> _INFORMATION SHOWN_:
BEGIN

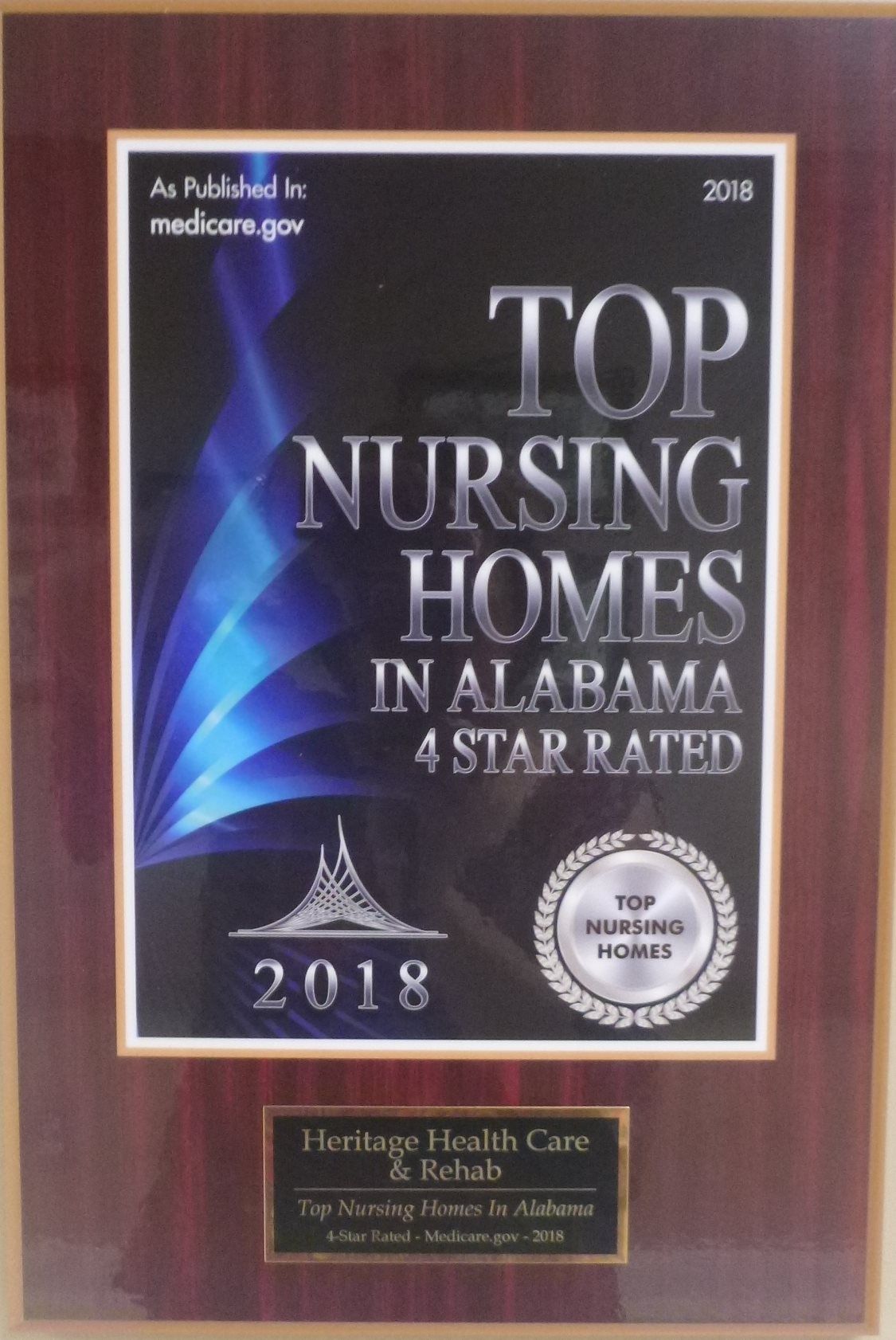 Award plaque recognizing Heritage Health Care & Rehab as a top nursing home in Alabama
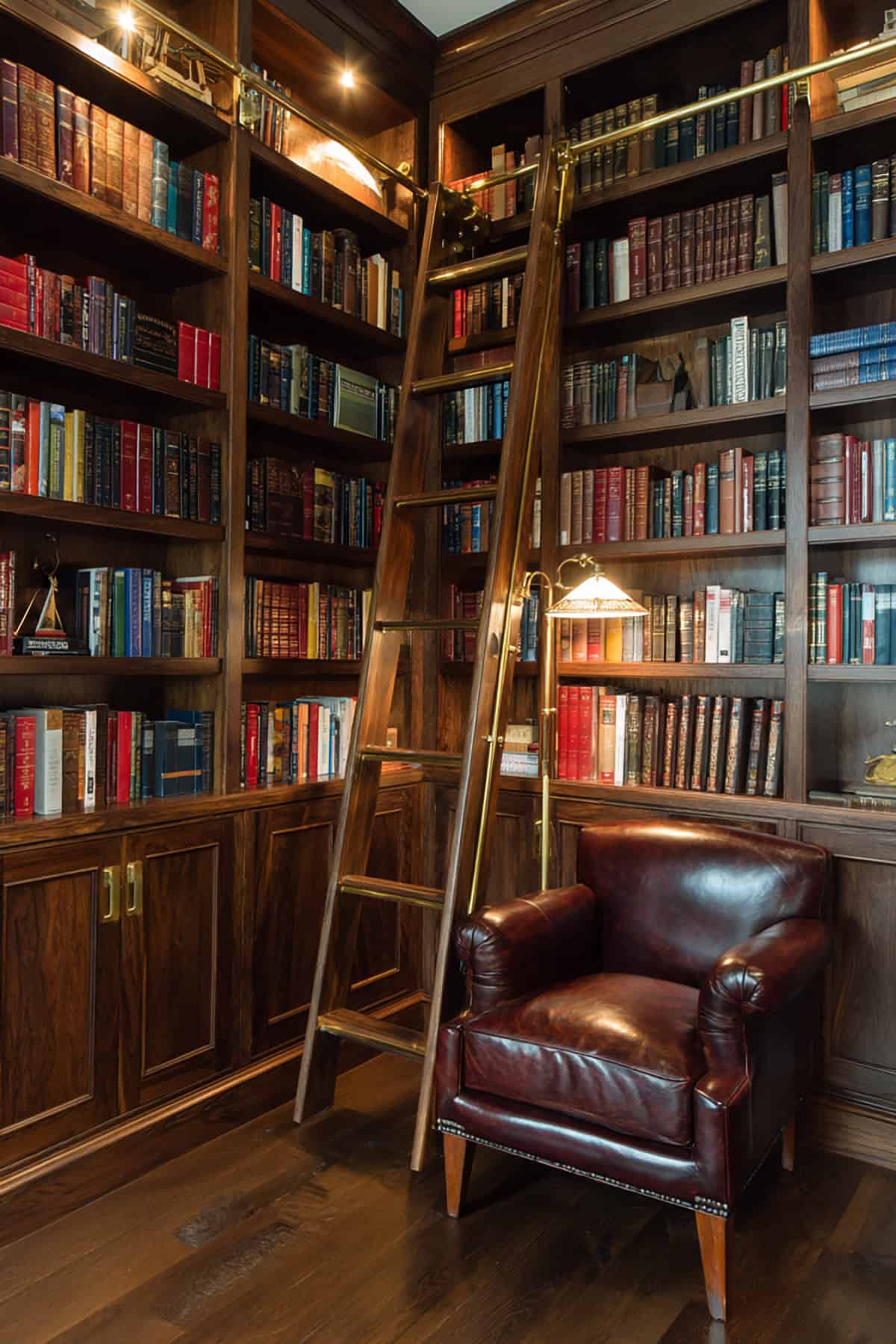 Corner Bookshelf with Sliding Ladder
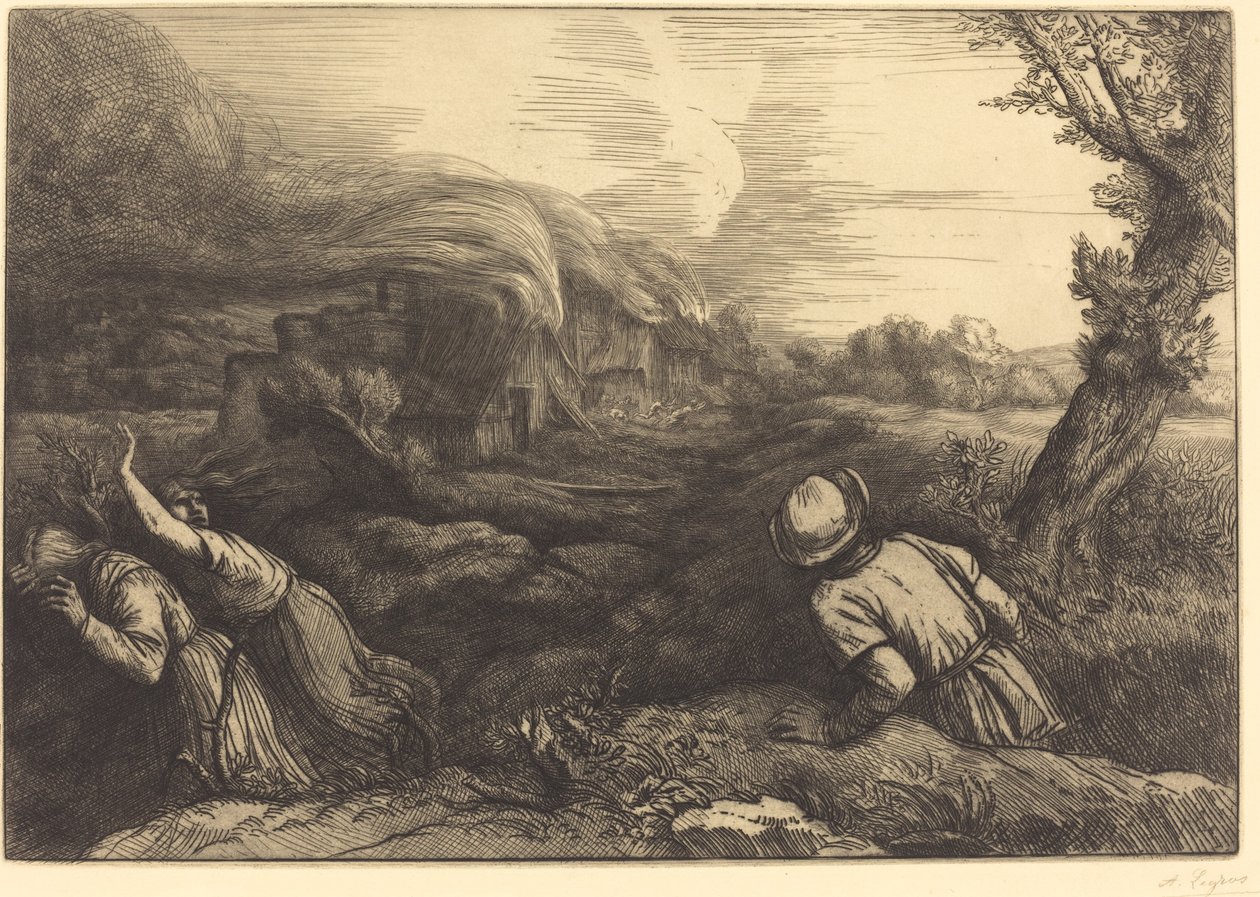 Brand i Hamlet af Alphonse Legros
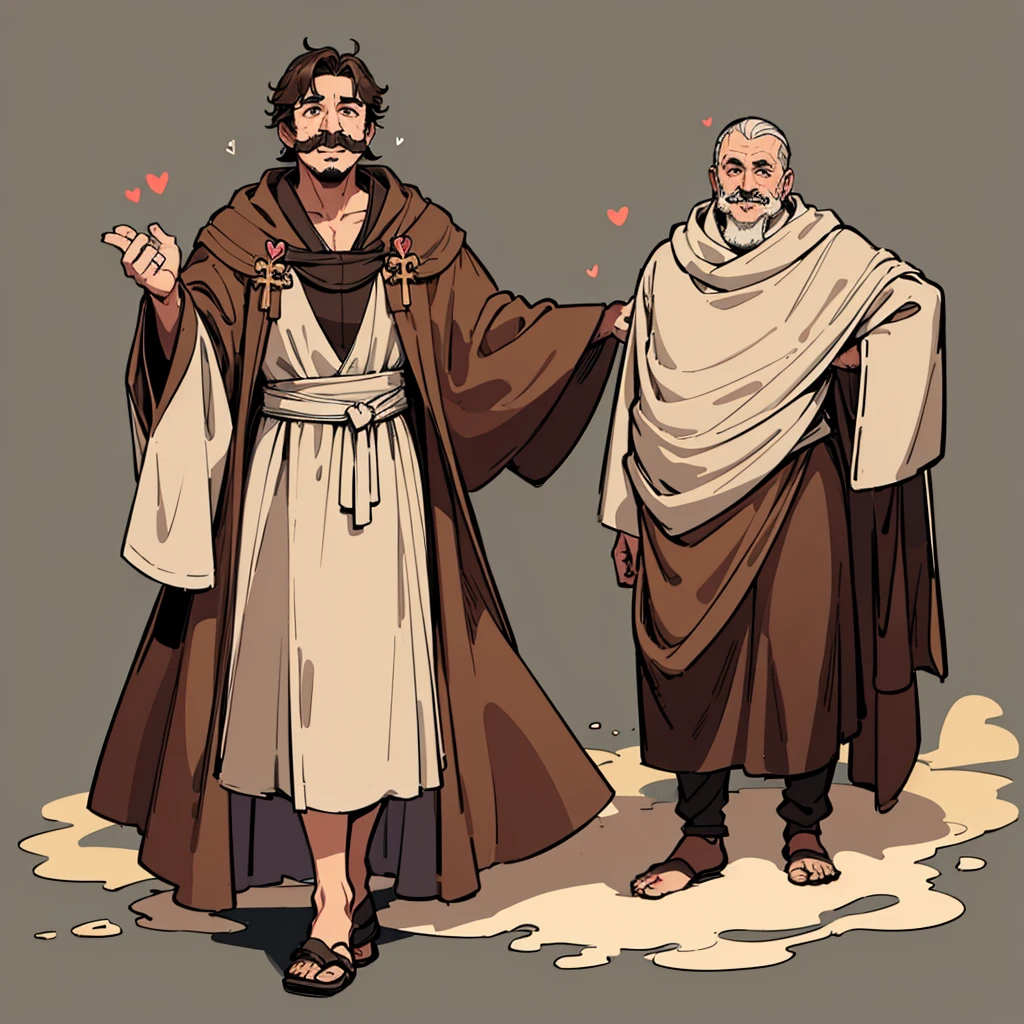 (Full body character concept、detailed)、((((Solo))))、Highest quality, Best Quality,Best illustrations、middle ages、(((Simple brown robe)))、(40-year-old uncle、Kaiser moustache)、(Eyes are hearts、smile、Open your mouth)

END
BEGIN

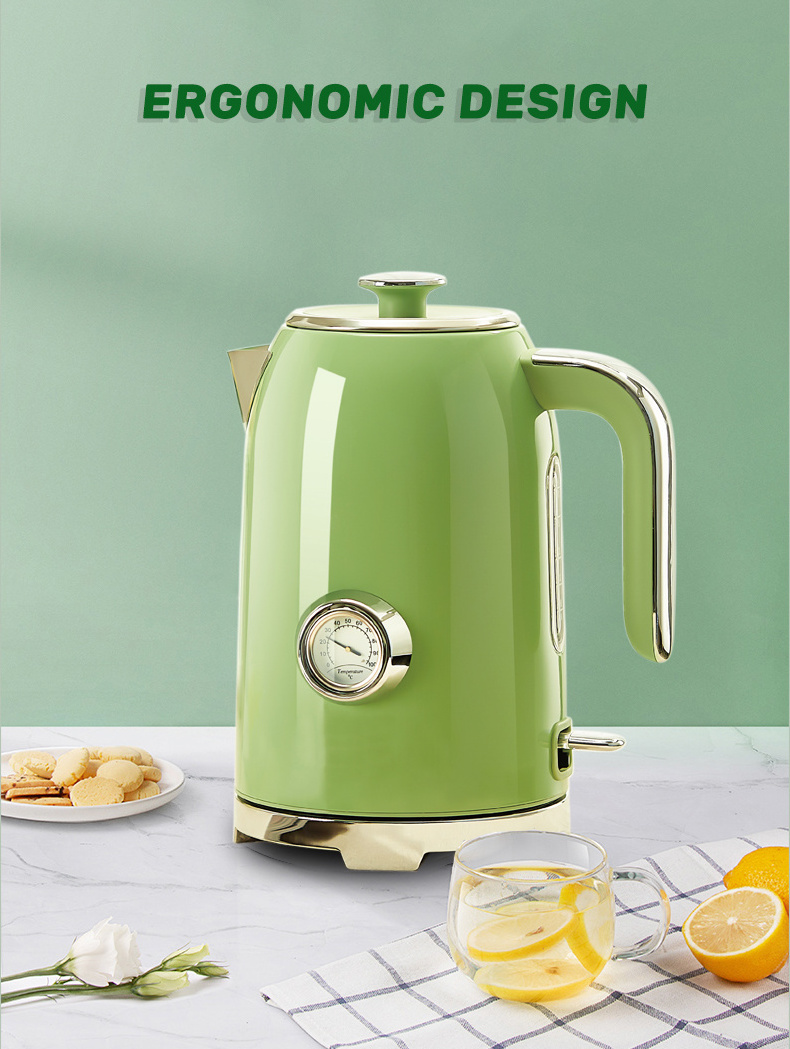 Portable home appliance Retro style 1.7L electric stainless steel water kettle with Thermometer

END
BEGIN

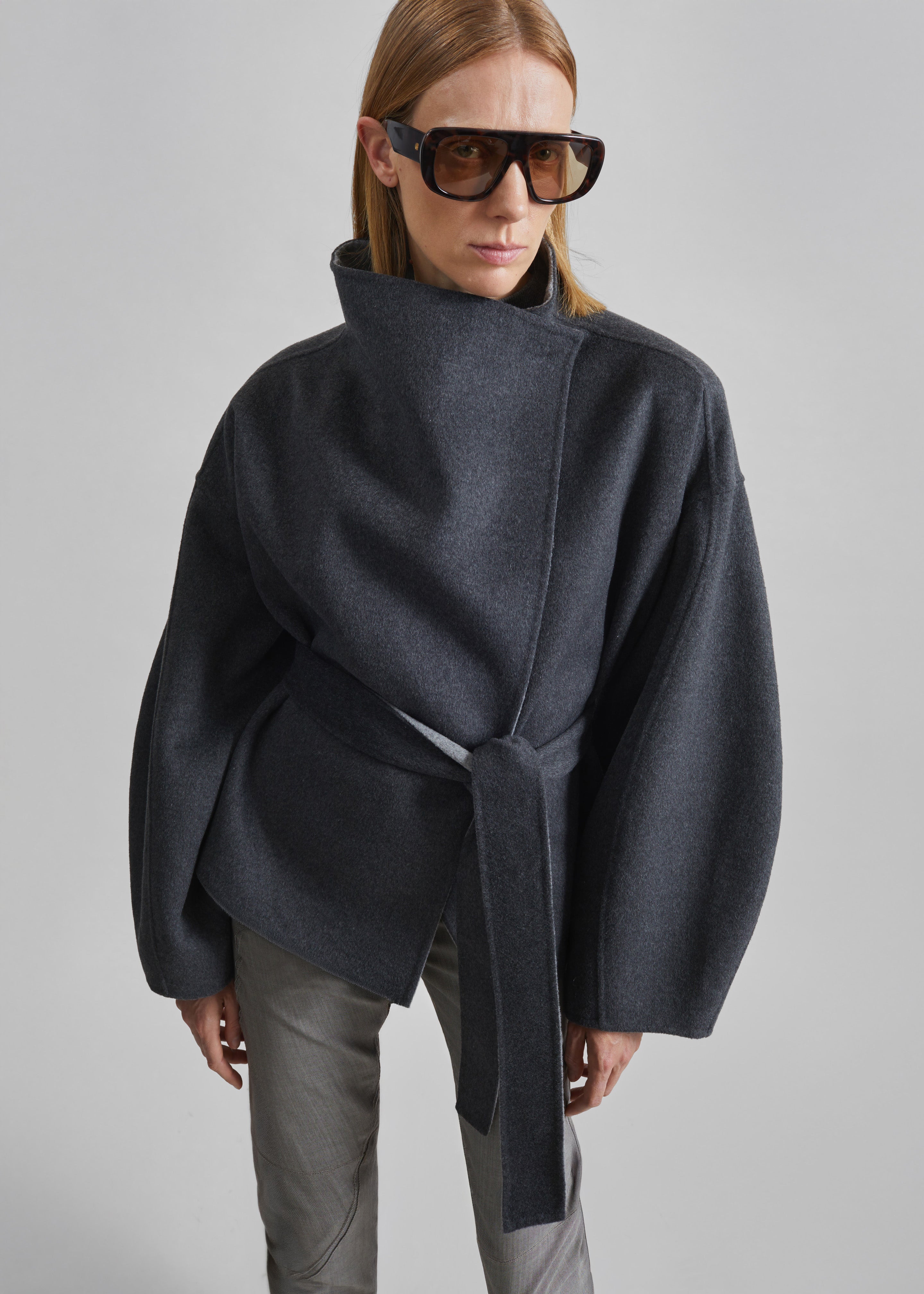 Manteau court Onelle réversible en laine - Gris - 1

END

> _TO DO_:
From the records above, extract the lines from the one holding "Corner Bookshelf with Sliding Ladder" through the one holding "(Full body character", word for word; omit the pictures.

> _SOLUTION TO THE EXERCISE_:
 Corner Bookshelf with Sliding Ladder
 Brand i Hamlet af Alphonse Legros
 (Full body character concept、detailed)、((((Solo))))、Highest quality, Best Quality,Best illustrations、middle ages、(((Simple brown robe)))、(40-year-old uncle、Kaiser moustache)、(Eyes are hearts、smile、Open your mouth)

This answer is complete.